Whatever you may think of it, Yelp is a major social media influence on businesses in just about every industry. While most people think of Yelp when they want to find their next great meal, the online review site covers a lot more than restaurants and nail salons. Any business can have a Yelp page, so long as it has a physical location for customers to buy a product or service. It’s now the most popular review site for people to find a doctor, attorney, accountant or home-service provider.

Yelp’s ubiquity and visibility make it an important part of every business’ marketing strategy. “Yelp tends to rank really well in Google. Even if someone is just searching to find directions or looking for the phone number, they’ll see the ratings,” says Brian Patterson, partner at Go Fish Digital, a Washington, D.C.-based online reputation management firm.

Given its importance, understanding Yelp is key to a business’ overall marketing strategy. Here are four tips to help you get more out of Yelp:

 

1. Spruce up your profile.

The first thing to do—if you haven’t already—is officially claim your business listing on Yelp. Your business might already be on the site, even if you didn’t put it there. Keep in mind that in many cases, Yelp may be the first and only point of contact a customer has with your business. So it’s better that you, the owner, write the business profile, rather than some stranger. Claiming and updating your profile on Yelp is free, so at the very least, make sure the phone number, address, menu or services are accurate and up to date. Adding photos is also a good way to make your profile shine.

 

2. Manage reviews.

Next is dealing with reviews. In a nutshell: there are no shortcuts. Owners who tried to improve their ratings through dishonest means or through legal action have lost. Businesses that claim to be able to inflate ratings have been sued.

You also can’t flag a negative review just because it’s negative. Yelp won’t be the arbiter in a “he said, she said” type of case. What you can do is respond to those reviews with grace. In some cases, it may be best to ignore a negative review. However, it generally makes sense to publicly respond to negative reviews, if the reviewer appears to have a valid concern. Patterson advises addressing the reviewer by name, apologizing for the issue at hand, and saying you want a chance to make it right. Offer to take the conversation offline by giving your name, direct phone number or direct email. Don’t give a boilerplate response or a general email. Following these points gives a personal touch and shows everyone that you are serious about resolving issues.

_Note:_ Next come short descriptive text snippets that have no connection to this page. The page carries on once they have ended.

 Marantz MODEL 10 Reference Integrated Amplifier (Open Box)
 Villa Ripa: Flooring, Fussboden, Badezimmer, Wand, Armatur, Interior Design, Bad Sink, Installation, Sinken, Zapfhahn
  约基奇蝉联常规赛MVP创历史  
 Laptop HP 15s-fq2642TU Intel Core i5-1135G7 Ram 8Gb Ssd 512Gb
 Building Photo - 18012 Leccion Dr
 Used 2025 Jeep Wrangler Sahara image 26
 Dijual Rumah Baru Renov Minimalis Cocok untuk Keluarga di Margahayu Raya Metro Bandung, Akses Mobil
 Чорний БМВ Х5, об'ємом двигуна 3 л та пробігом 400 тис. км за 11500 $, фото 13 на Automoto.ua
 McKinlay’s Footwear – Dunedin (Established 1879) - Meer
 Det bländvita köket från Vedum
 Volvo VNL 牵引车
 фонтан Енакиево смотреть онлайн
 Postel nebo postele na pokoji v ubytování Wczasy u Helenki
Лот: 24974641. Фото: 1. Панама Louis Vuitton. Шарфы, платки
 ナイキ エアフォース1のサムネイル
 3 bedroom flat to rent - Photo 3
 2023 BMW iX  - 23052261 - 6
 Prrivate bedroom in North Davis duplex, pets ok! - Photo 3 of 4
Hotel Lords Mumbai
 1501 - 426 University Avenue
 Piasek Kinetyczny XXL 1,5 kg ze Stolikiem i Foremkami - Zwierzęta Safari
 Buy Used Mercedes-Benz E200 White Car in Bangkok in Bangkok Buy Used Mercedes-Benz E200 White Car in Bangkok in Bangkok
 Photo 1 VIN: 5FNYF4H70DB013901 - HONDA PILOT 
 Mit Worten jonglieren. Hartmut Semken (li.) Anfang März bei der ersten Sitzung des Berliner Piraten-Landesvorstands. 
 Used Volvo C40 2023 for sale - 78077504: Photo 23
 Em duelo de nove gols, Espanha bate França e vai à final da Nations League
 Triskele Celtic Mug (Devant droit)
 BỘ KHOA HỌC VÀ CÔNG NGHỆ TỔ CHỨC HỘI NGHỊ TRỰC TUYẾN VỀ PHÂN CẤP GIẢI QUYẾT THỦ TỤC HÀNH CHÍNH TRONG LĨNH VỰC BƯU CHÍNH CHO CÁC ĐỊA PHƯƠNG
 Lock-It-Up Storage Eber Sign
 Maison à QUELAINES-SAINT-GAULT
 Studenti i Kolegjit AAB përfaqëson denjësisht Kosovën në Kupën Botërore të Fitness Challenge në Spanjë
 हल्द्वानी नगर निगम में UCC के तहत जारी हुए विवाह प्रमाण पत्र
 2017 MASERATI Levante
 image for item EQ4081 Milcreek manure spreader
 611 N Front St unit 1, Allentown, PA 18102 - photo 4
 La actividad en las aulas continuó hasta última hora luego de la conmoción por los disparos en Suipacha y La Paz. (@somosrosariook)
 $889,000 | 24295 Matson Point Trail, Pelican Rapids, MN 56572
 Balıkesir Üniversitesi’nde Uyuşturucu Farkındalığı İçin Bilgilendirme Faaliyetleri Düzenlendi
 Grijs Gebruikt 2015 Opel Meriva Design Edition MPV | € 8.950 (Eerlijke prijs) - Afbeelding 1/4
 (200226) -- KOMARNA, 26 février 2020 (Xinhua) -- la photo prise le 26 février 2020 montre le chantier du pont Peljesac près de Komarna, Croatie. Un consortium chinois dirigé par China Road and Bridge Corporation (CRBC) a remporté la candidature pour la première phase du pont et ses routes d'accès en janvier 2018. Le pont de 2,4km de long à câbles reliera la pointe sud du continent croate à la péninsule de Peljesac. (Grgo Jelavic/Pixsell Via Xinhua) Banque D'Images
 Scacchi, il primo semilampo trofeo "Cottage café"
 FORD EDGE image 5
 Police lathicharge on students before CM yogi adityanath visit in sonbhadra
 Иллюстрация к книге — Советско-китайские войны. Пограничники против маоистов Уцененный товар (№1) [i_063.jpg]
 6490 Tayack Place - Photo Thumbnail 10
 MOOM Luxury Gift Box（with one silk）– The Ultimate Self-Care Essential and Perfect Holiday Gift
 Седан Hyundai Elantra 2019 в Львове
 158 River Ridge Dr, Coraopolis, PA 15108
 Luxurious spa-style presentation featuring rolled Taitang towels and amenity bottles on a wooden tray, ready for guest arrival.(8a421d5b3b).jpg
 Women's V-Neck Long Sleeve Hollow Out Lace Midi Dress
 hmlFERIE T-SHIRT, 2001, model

One thing you should know: You can flag reviews when they don’t follow Yelp’s content guidelines. For instance, reviews in which the reviewer mentions that their spouse had a poor experience can be flagged, because Yelp accepts only first-hand customer experiences. Reviews that criticize business practices in general (“These guys are scam artists”) can also be flagged for removal.

 

3. Encourage comments.

It may feel awkward to ask, but you should encourage happy customers to go on Yelp and write a review. Yelp discourages owners from giving incentives to write positive reviews, such as gift certificates or other prizes, but there’s nothing wrong with talking to satisfied customers and encouraging them to help you out. “Twenty years ago, you might have said, ‘Make sure to tell your friends about us.’ These days, it’s ‘Make sure you leave an online review for us. It would really help,’” Patterson says.

 

4. Become a participant.

One last point: If you’re not already using Yelp, open an account and be active on it. This might seem obvious, but it’s easy to overlook. Becoming a Yelp user “puts you in the mindset and helps you understand what Yelpers look for when they review businesses,” Patterson says. You should also read less-than-flattering reviews of your business with an open mind. Criticism can be hard to take, but identifying shortcomings and shoring them up can ultimately improve your business and your ratings.